- **Dataset items**
_ _ _ _
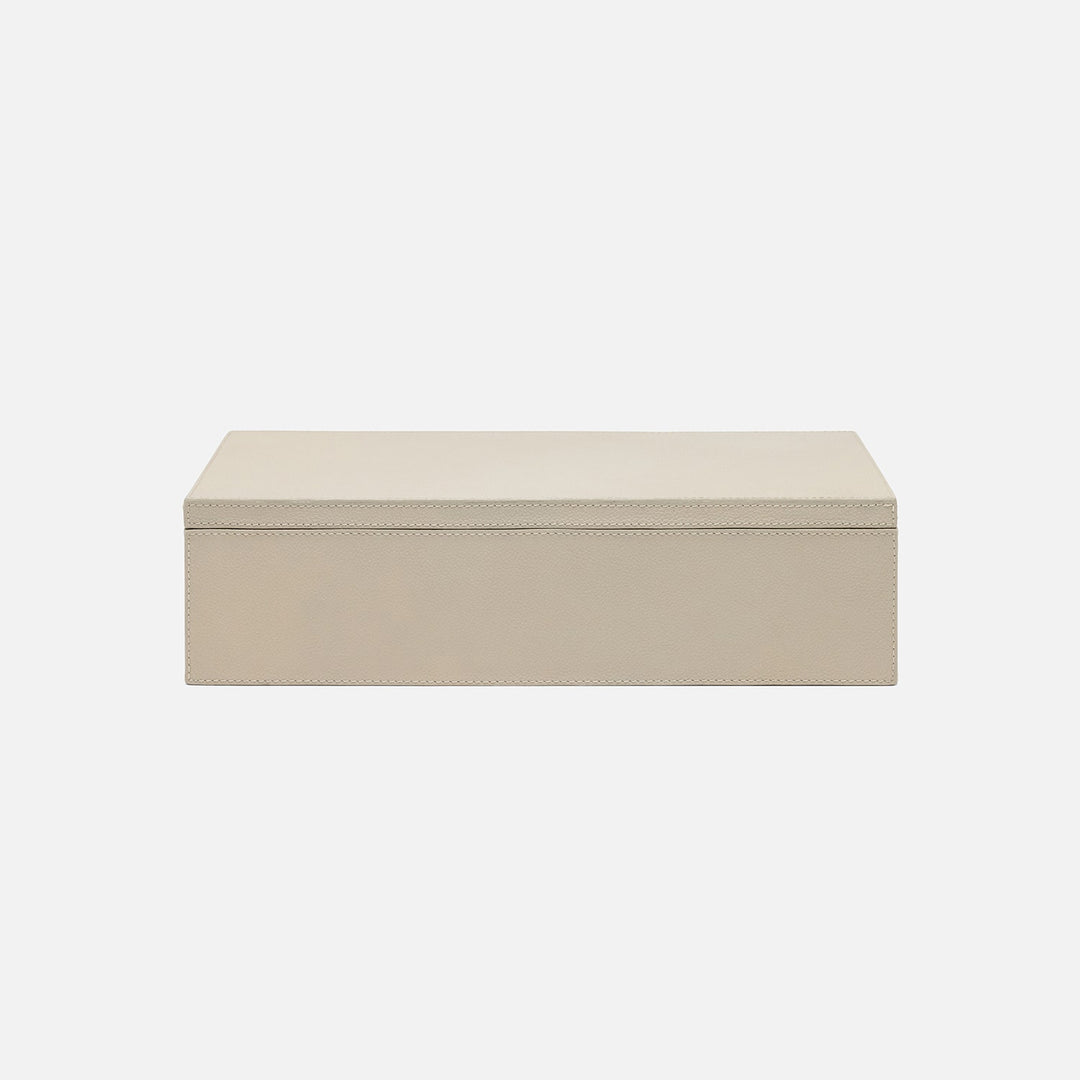 Selby, Light Gray, Accent Box, Xlarge, Full-Grain Leather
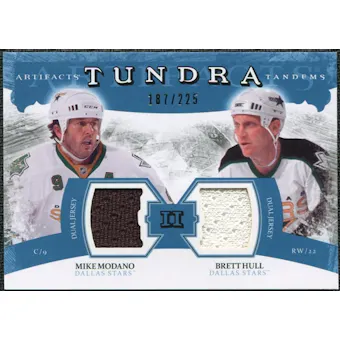 2011/12 Upper Deck Artifacts Tundra Tandems Jerseys Blue #TT2MH Mike Modano / Brett Hull /225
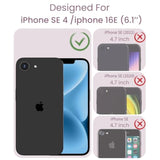 For Iphone 16E Case+Tempered Glass Screen Protector, [ Grade Protective] Slim Soft Tpu & Hard Pc,Girls Women Crystal Clear Flower Pattern Cover For Iphone Se 4Rd Gen 2025-Purple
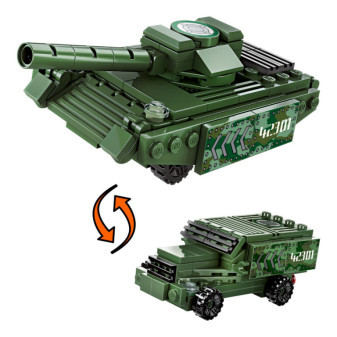 Qman War-Spirit Wheeled Tank 42301 sada 8v1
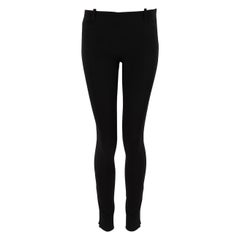 Balenciaga Black Skinny Fit Trousers Size M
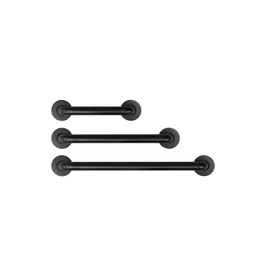 Deluxe Home, Vinyl Coated Grab Bar - Set of 3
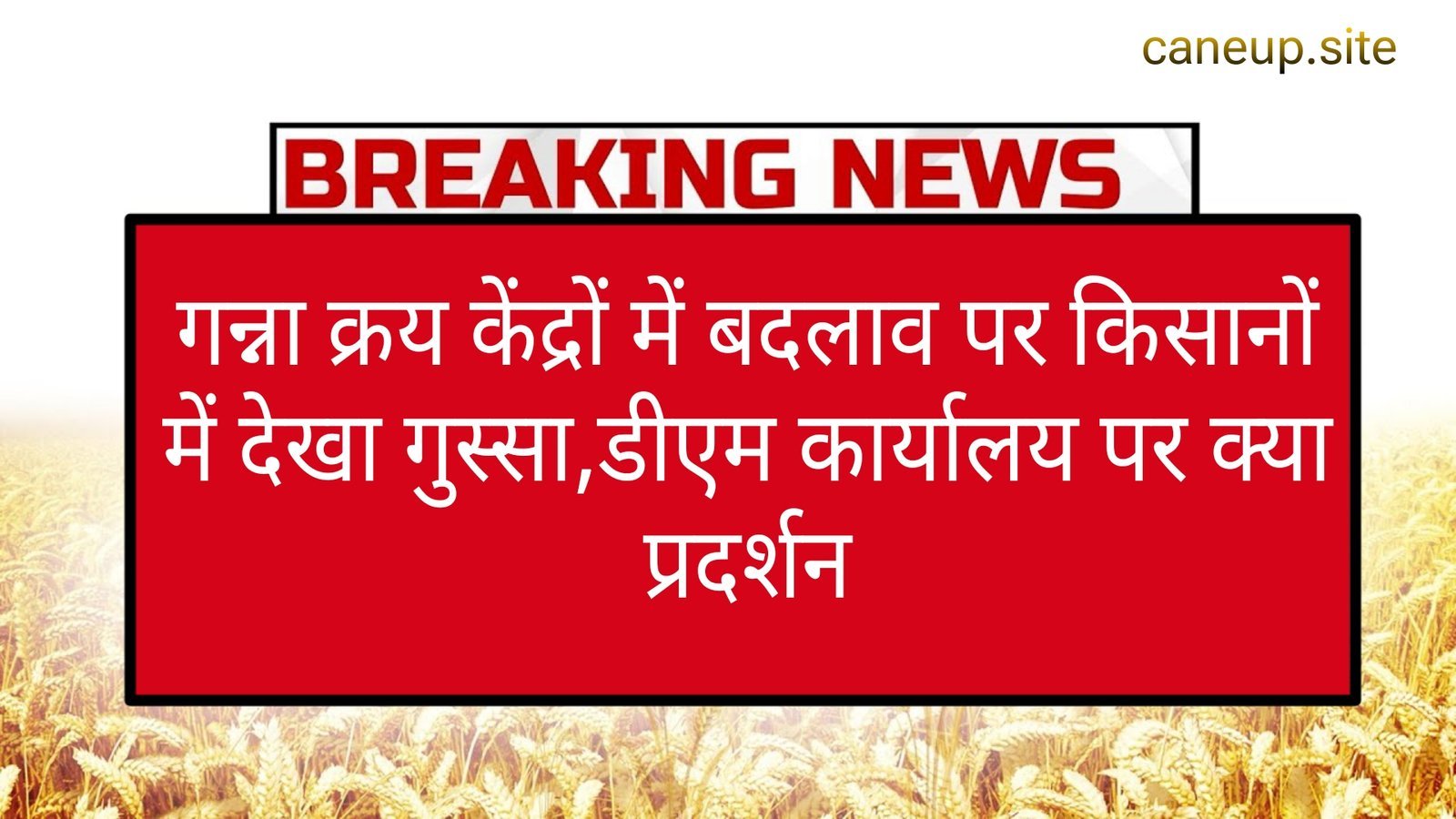 cane up.in:यूपी गन्ना क्रय केंद्रों में बदलाव पर किसानों में देखा गुस्सा,डीएम कार्यालय ‌पर क्या प्रदर्शन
_ _ _ _
- **Task details**
Transcribe every entry word for word, but omit the pictures.

- **Solution to the exercise**
 Selby, Light Gray, Accent Box, Xlarge, Full-Grain Leather
 2011/12 Upper Deck Artifacts Tundra Tandems Jerseys Blue #TT2MH Mike Modano / Brett Hull /225
 For Iphone 16E Case+Tempered Glass Screen Protector, [ Grade Protective] Slim Soft Tpu & Hard Pc,Girls Women Crystal Clear Flower Pattern Cover For Iphone Se 4Rd Gen 2025-Purple
 Qman War-Spirit Wheeled Tank 42301 sada 8v1
 Balenciaga Black Skinny Fit Trousers Size M
 Deluxe Home, Vinyl Coated Grab Bar - Set of 3
 cane up.in:यूपी गन्ना क्रय केंद्रों में बदलाव पर किसानों में देखा गुस्सा,डीएम कार्यालय ‌पर क्या प्रदर्शन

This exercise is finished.